The High Line is a 1.5-mile elevated railway track that served for decades as a way to bring freight into lower Manhattan. By 1980 the trains had stopped running and the tracks were sliding into decades of spectacular decay that was also a kind of blossoming. Nature re-established itself. Saplings and wind-sown grasses sprouted in rail beds where the homeless built campfires at night. Whole stretches made you think of the Appian Way after the fall of the Roman Empire, the almost phosphorescent decrepitude of a vanished civilization made even stranger by the fact that an intact, modern city was churning away all around it. But in the '90s, as real estate values on the streets below started rising, developers began to clamor for the tracks to be demolished to make way for their perennial notion of utopia, which consists almost entirely of luxury apartments.
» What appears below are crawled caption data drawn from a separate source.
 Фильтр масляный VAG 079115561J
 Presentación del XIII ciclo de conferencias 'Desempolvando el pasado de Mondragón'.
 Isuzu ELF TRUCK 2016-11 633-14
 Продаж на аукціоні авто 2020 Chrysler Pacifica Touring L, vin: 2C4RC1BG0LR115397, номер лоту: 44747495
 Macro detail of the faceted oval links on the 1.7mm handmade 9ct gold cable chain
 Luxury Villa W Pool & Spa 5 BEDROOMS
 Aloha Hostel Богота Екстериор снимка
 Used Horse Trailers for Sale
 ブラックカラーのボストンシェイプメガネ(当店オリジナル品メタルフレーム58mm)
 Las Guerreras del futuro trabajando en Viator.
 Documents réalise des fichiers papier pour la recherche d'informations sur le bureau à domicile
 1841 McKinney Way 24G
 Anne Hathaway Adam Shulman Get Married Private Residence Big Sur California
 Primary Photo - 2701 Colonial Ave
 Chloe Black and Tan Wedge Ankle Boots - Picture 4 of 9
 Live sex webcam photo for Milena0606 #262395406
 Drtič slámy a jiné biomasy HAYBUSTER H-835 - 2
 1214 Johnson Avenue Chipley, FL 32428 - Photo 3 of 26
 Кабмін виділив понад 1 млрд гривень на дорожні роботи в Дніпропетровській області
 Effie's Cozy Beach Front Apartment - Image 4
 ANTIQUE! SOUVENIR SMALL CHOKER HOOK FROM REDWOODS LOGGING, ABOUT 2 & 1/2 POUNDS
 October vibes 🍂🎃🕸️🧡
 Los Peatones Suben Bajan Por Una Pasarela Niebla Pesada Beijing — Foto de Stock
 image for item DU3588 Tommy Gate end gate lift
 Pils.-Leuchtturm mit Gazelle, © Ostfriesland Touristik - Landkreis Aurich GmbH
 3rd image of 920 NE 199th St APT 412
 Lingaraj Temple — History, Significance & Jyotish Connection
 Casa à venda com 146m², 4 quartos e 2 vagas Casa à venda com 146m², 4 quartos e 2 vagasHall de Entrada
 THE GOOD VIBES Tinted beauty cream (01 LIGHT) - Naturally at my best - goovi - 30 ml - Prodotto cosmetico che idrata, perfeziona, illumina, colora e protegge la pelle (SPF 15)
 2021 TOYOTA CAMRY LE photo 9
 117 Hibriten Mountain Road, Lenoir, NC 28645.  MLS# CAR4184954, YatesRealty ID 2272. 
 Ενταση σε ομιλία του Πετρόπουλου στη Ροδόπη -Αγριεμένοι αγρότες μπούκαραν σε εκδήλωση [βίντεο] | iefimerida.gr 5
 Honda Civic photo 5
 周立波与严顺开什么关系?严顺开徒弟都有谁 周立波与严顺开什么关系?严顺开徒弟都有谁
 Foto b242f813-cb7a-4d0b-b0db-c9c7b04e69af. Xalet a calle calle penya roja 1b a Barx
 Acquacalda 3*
And this would have happened if a community group, the Friends of the High Line, had not pushed for a more imaginative alternative. Incredibly, they prevailed, or at least have so far. Last year saw the groundbreaking for a park conceived through a collaboration between the artist-architects Diller Scofidio + Renfro and the landscape designer James Corner of Field Operations, which is also the firm behind the landfill park at Fresh Kills. Their plan calls for stretches of the High Line to be planted in ways meant to recall the self-seeded trees and grasses that sprouted there in the past. That's to remind visitors of the processes of decay and renewal basic to the metabolism of any city. And because this quasi-natural environment will be held within the compartment of an indisputably man-made railway, the High Line will also be an ingenious contribution to that historic dialogue between the natural and the manufactured.
Corner says he hopes the completed High Line, still a work in progress that's currently budgeted at $94 million, "will have the attributes of something strange and otherworldly, something 'found,' but nothing that could be said to be a ruin." If anything, its future now looks so promising that developers are rushing in with proposals for luxury condos along its route, and the Whitney Museum of American Art is planning a sizable new facility there for contemporary art.
Which brings us back to the Olympic Sculpture Park. With its clever switchback paths, the Weiss/Manfredi design capitalizes on the park's magnificent views by constantly bringing you back around to them in different ways. All the while it draws those views into a complex fabric of references to the city. So by narrowing and widening the routes, for instance, the designers create false perspectives that recall airport landing paths, an illusion they've underlined along one stretch with a string of low-rise "runway" lights. This is a park that doesn't try to separate nature and civilization. What it does instead is lead you to reflect on how they penetrate each other just about everywhere you go. Maybe somebody should have told Thoreau that if he couldn't get away from the sound of that train whistle, the thing to do was just whistle along with it.